--- Source records Enclosed Below ---
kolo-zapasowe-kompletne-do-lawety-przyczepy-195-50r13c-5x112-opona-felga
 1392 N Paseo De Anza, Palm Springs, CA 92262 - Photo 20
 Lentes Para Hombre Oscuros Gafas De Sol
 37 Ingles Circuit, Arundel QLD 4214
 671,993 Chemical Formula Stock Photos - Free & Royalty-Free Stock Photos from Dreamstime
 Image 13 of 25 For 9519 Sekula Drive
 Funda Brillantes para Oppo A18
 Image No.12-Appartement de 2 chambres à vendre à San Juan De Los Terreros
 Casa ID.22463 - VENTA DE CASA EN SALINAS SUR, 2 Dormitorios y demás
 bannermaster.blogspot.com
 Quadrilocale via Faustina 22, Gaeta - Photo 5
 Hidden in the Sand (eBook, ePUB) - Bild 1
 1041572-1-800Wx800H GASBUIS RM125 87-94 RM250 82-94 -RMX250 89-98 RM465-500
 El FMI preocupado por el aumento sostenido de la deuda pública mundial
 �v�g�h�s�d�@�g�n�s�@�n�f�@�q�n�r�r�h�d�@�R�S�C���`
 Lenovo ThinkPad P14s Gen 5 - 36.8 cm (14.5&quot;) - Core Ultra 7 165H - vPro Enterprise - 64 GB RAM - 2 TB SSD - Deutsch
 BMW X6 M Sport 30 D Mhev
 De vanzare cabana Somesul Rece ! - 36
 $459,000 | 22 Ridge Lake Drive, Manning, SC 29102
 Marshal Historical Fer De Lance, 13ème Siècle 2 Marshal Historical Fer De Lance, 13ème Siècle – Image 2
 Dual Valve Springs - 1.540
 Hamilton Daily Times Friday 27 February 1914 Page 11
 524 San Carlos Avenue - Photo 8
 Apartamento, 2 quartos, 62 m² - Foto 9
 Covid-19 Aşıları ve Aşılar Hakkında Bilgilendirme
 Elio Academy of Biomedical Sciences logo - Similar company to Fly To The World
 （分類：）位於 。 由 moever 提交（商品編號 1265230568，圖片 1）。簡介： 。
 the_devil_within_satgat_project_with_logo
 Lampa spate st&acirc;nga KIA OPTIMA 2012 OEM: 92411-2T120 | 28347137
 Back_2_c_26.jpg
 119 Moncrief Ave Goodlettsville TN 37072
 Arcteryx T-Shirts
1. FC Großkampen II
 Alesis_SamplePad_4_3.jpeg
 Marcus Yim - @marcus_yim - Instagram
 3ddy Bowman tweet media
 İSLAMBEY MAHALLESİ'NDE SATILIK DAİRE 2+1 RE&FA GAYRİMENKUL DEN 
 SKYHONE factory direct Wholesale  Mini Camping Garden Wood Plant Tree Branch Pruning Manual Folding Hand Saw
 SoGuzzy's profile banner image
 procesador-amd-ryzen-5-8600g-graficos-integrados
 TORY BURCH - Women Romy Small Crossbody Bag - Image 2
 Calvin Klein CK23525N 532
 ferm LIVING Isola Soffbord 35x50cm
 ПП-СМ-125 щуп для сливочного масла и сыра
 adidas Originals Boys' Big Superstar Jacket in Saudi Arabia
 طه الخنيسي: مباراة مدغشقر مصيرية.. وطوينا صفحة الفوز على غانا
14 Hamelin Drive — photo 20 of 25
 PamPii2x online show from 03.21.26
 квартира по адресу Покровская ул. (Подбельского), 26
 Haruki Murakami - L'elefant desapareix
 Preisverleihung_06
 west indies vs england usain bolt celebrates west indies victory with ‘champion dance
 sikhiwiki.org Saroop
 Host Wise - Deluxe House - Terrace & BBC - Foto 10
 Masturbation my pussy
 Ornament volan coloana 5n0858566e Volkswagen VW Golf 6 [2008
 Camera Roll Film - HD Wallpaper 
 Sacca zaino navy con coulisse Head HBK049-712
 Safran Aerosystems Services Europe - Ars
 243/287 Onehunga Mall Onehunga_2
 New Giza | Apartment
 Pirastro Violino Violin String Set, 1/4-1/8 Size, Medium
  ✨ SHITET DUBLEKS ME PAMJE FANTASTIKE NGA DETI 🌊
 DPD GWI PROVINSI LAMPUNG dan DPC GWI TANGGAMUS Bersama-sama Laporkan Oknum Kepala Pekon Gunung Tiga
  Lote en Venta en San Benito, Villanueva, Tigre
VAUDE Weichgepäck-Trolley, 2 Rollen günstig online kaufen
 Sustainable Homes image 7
--- End of Enclosed Source records ---
What you need to do ▸
Go through the data and copy each line exactly as it was written.

Task solution ▸
kolo-zapasowe-kompletne-do-lawety-przyczepy-195-50r13c-5x112-opona-felga
 1392 N Paseo De Anza, Palm Springs, CA 92262 - Photo 20
 Lentes Para Hombre Oscuros Gafas De Sol
 37 Ingles Circuit, Arundel QLD 4214
 671,993 Chemical Formula Stock Photos - Free & Royalty-Free Stock Photos from Dreamstime
 Image 13 of 25 For 9519 Sekula Drive
 Funda Brillantes para Oppo A18
 Image No.12-Appartement de 2 chambres à vendre à San Juan De Los Terreros
 Casa ID.22463 - VENTA DE CASA EN SALINAS SUR, 2 Dormitorios y demás
 bannermaster.blogspot.com
 Quadrilocale via Faustina 22, Gaeta - Photo 5
 Hidden in the Sand (eBook, ePUB) - Bild 1
 1041572-1-800Wx800H GASBUIS RM125 87-94 RM250 82-94 -RMX250 89-98 RM465-500
 El FMI preocupado por el aumento sostenido de la deuda pública mundial
 �v�g�h�s�d�@�g�n�s�@�n�f�@�q�n�r�r�h�d�@�R�S�C���`
 Lenovo ThinkPad P14s Gen 5 - 36.8 cm (14.5&quot;) - Core Ultra 7 165H - vPro Enterprise - 64 GB RAM - 2 TB SSD - Deutsch
 BMW X6 M Sport 30 D Mhev
 De vanzare cabana Somesul Rece ! - 36
 $459,000 | 22 Ridge Lake Drive, Manning, SC 29102
 Marshal Historical Fer De Lance, 13ème Siècle 2 Marshal Historical Fer De Lance, 13ème Siècle – Image 2
 Dual Valve Springs - 1.540
 Hamilton Daily Times Friday 27 February 1914 Page 11
 524 San Carlos Avenue - Photo 8
 Apartamento, 2 quartos, 62 m² - Foto 9
 Covid-19 Aşıları ve Aşılar Hakkında Bilgilendirme
 Elio Academy of Biomedical Sciences logo - Similar company to Fly To The World
 （分類：）位於 。 由 moever 提交（商品編號 1265230568，圖片 1）。簡介： 。
 the_devil_within_satgat_project_with_logo
 Lampa spate st&acirc;nga KIA OPTIMA 2012 OEM: 92411-2T120 | 28347137
 Back_2_c_26.jpg
 119 Moncrief Ave Goodlettsville TN 37072
 Arcteryx T-Shirts
1. FC Großkampen II
 Alesis_SamplePad_4_3.jpeg
 Marcus Yim - @marcus_yim - Instagram
 3ddy Bowman tweet media
 İSLAMBEY MAHALLESİ'NDE SATILIK DAİRE 2+1 RE&FA GAYRİMENKUL DEN 
 SKYHONE factory direct Wholesale  Mini Camping Garden Wood Plant Tree Branch Pruning Manual Folding Hand Saw
 SoGuzzy's profile banner image
 procesador-amd-ryzen-5-8600g-graficos-integrados
 TORY BURCH - Women Romy Small Crossbody Bag - Image 2
 Calvin Klein CK23525N 532
 ferm LIVING Isola Soffbord 35x50cm
 ПП-СМ-125 щуп для сливочного масла и сыра
 adidas Originals Boys' Big Superstar Jacket in Saudi Arabia
 طه الخنيسي: مباراة مدغشقر مصيرية.. وطوينا صفحة الفوز على غانا
14 Hamelin Drive — photo 20 of 25
 PamPii2x online show from 03.21.26
 квартира по адресу Покровская ул. (Подбельского), 26
 Haruki Murakami - L'elefant desapareix
 Preisverleihung_06
 west indies vs england usain bolt celebrates west indies victory with ‘champion dance
 sikhiwiki.org Saroop
 Host Wise - Deluxe House - Terrace & BBC - Foto 10
 Masturbation my pussy
 Ornament volan coloana 5n0858566e Volkswagen VW Golf 6 [2008
 Camera Roll Film - HD Wallpaper 
 Sacca zaino navy con coulisse Head HBK049-712
 Safran Aerosystems Services Europe - Ars
 243/287 Onehunga Mall Onehunga_2
 New Giza | Apartment
 Pirastro Violino Violin String Set, 1/4-1/8 Size, Medium
  ✨ SHITET DUBLEKS ME PAMJE FANTASTIKE NGA DETI 🌊
 DPD GWI PROVINSI LAMPUNG dan DPC GWI TANGGAMUS Bersama-sama Laporkan Oknum Kepala Pekon Gunung Tiga
  Lote en Venta en San Benito, Villanueva, Tigre
VAUDE Weichgepäck-Trolley, 2 Rollen günstig online kaufen
 Sustainable Homes image 7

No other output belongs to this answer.